## Dataset content
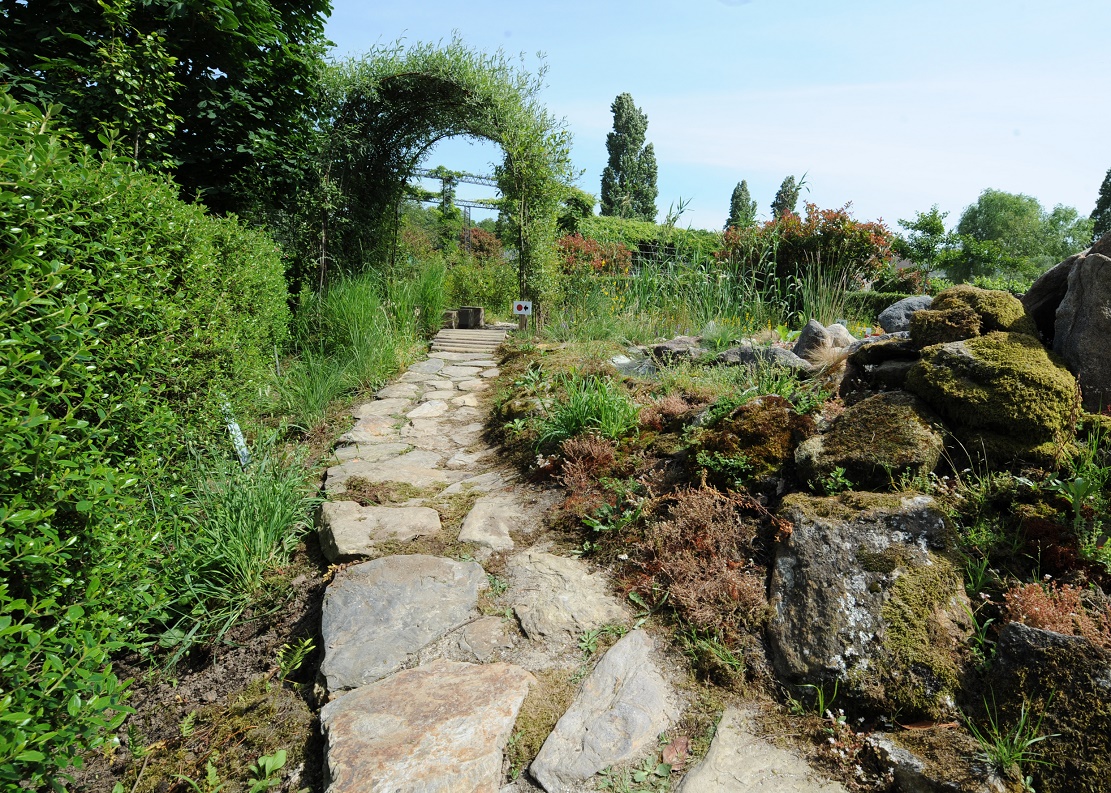 O Jardim de Microclimas o mais votado da 14ª edição do Festival Internacional de Jardins de Ponte de Lima 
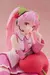 Vocaloid Desktop Cute Sakura Miku (Cherry Cushion Ver.) Figure - MARZO 2025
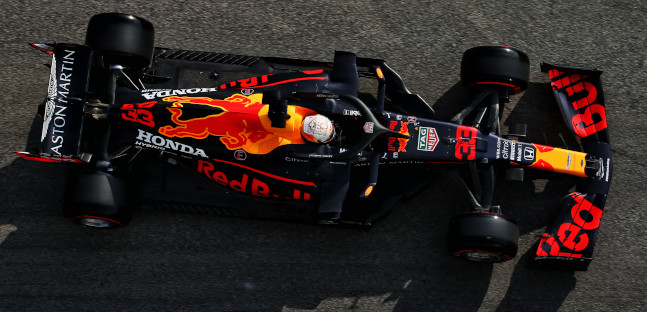 L'addio Honda alla F1 non agita Carey:<br />fiducia per il futuro, citando Volkswagen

## Work required
Transcribe the full listing above exactly, with the images removed.

## Result below
 O Jardim de Microclimas o mais votado da 14ª edição do Festival Internacional de Jardins de Ponte de Lima 
 Vocaloid Desktop Cute Sakura Miku (Cherry Cushion Ver.) Figure - MARZO 2025
 L'addio Honda alla F1 non agita Carey:<br />fiducia per il futuro, citando Volkswagen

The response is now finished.